Changing forest structure with stand development is predicted to influence rainfall partitioning, and thus impact forest management and conservation strategies. Extensive pine silviculture in Florida also makes changes in rainfall partitioning with stand attributes consequential for regional water planning. We used weekly measurements of rainfall partitioning and soil water infiltration in two contrasting Pinus elliottii (slash pine) forest ecosystems in north Florida (USA), to quantify stand age and structural development impacts on forest hydrological function. Over 52 weeks - 45 with storms - we observed that stemflow and litterflow were significantly higher, and litter and total interception significantly lower, in the young stand (∼ 10 years since planting) than the mature stand (∼ 21 years since planting) (p <0.05). This was despite negligible differences in leaf area index and other crown structure parameters. We observed substantial differences in trunk storage capacity and trunk saturation point, with greater storage and thus reduced stemflow generation in the mature stand. We show that forest litter stores significant precipitation (7.3 % vs. 10.6 % of annual rainfall for young and mature pine stands, respectively) suggesting total interception predictions that neglect litter storage significantly underestimate actual rates, and overestimate root water availability. We further show that ignoring stemflow in small trees (i.e., young stands) underestimates total stemflow (3.4 % vs. 7.2 % of incident rainfall), leading to an overestimation of canopy and total interception in young stands.

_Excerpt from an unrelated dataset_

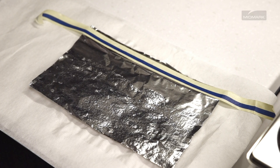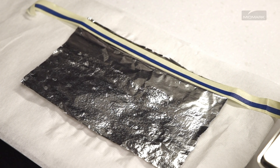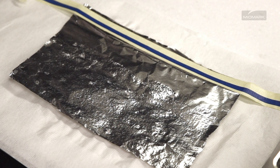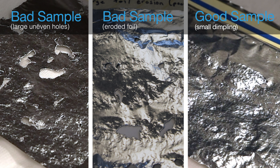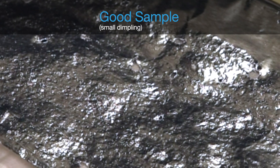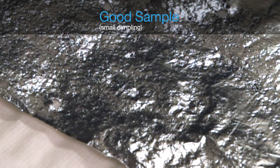The foil surface submerged in the solution should be uniformly covered with a small dimpling or pebbling effect over the entire surface. There may also be some holes in the foil as a result of erosion caused by the interaction between the cleaning solution, the foil, and the ultrasonic action. But the objective of this test is to see how uniform the pebbling is, not how many holes are in the foil. If there are an excessive number of holes in the foil sample, run another test decreasing the exposure time to get a better sampling of the uniformity of the dimpling.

We used a reformulated Gash analytical model to obtain weekly estimates of canopy rainfall interception. Our most robust results were observed when we used in-situ partitioning parameters and dynamic canopy cover measurements. However, using literature-derived canopy ecohydrological parameters for southern pines also yielded acceptable predictions given dynamic canopy measurements, suggesting informative generality for application to new settings. Using static canopy measurements yielded consistently inferior results, suggesting that tracking canopy properties is more important for accurate interception predictions than local partitioning parameter estimation. Our results highlight the significance of forest maturity as a factor altering water storage capacity and rainfall partitioning in planted pine stands.